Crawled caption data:
____
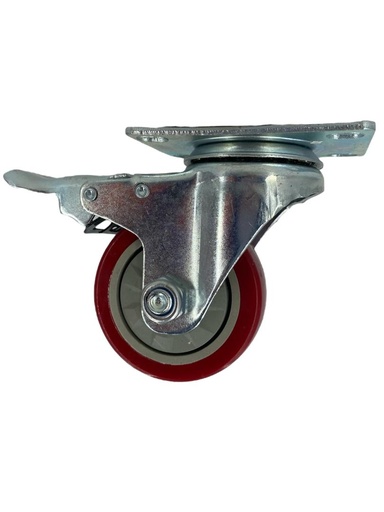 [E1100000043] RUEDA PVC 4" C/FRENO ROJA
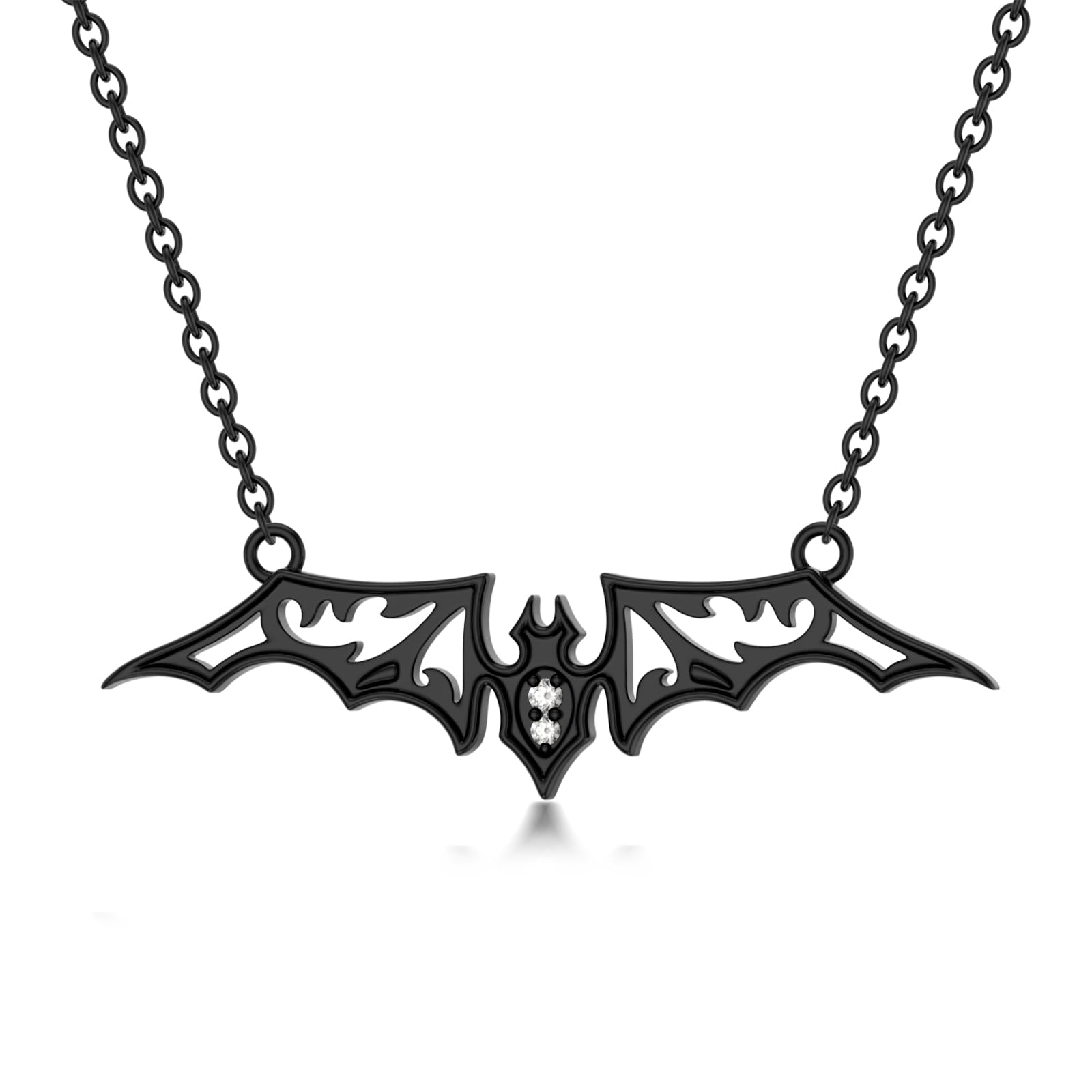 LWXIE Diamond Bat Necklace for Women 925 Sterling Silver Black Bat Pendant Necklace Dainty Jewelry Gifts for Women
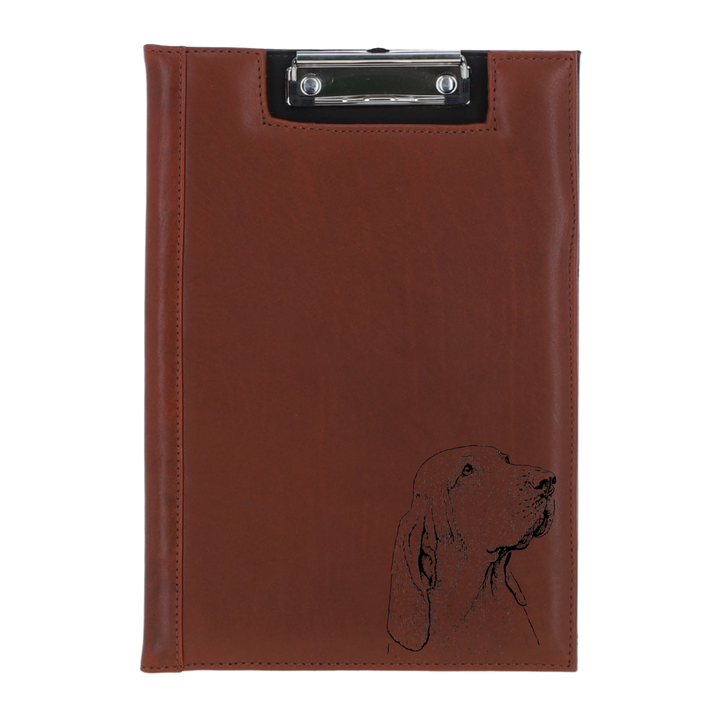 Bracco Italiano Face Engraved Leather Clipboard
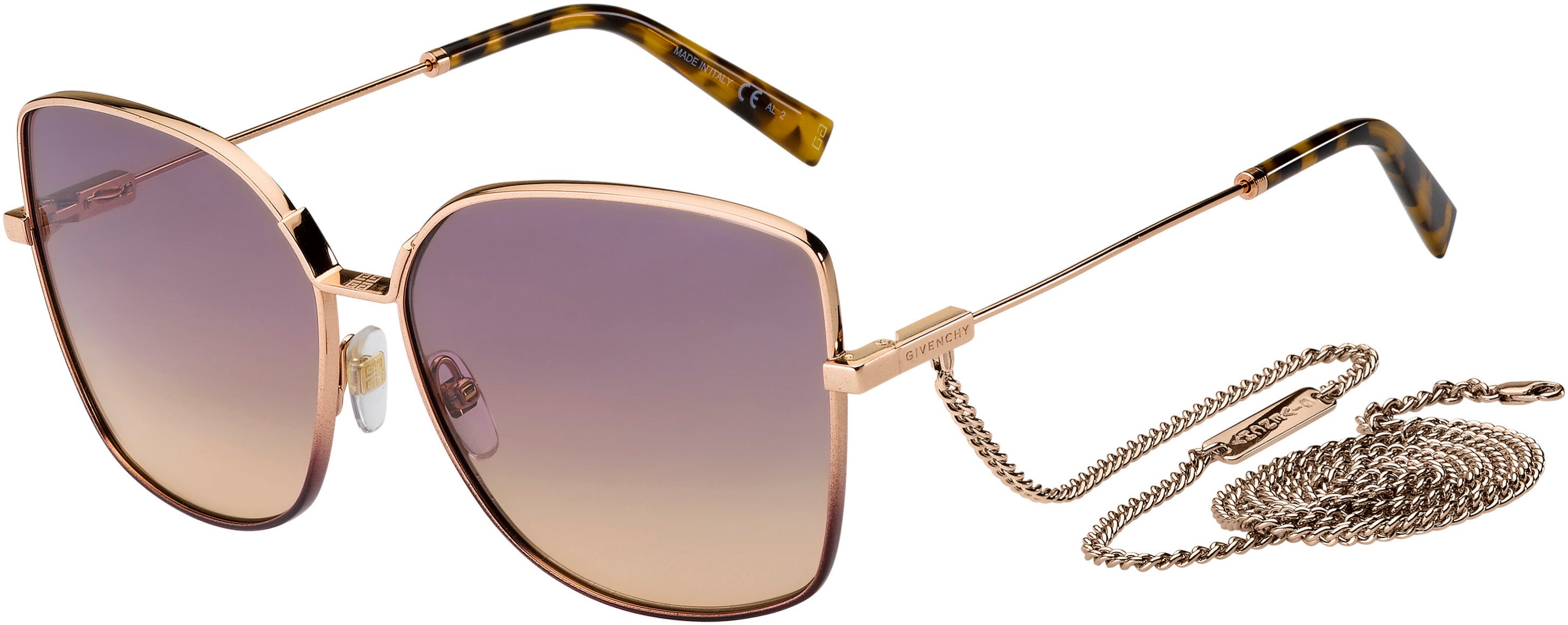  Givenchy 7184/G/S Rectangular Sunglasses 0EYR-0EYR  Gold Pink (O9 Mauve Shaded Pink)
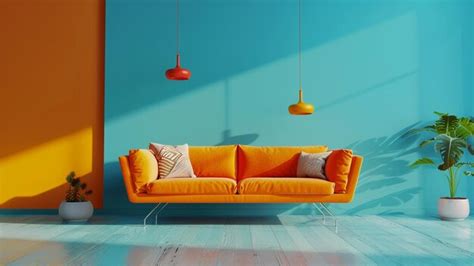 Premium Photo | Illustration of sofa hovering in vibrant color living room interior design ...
____
Work to complete: Could every line above be set down exactly, with the pictures omitted?

Task response:
 [E1100000043] RUEDA PVC 4" C/FRENO ROJA
 LWXIE Diamond Bat Necklace for Women 925 Sterling Silver Black Bat Pendant Necklace Dainty Jewelry Gifts for Women
 Bracco Italiano Face Engraved Leather Clipboard
  Givenchy 7184/G/S Rectangular Sunglasses 0EYR-0EYR  Gold Pink (O9 Mauve Shaded Pink)
 Premium Photo | Illustration of sofa hovering in vibrant color living room interior design ...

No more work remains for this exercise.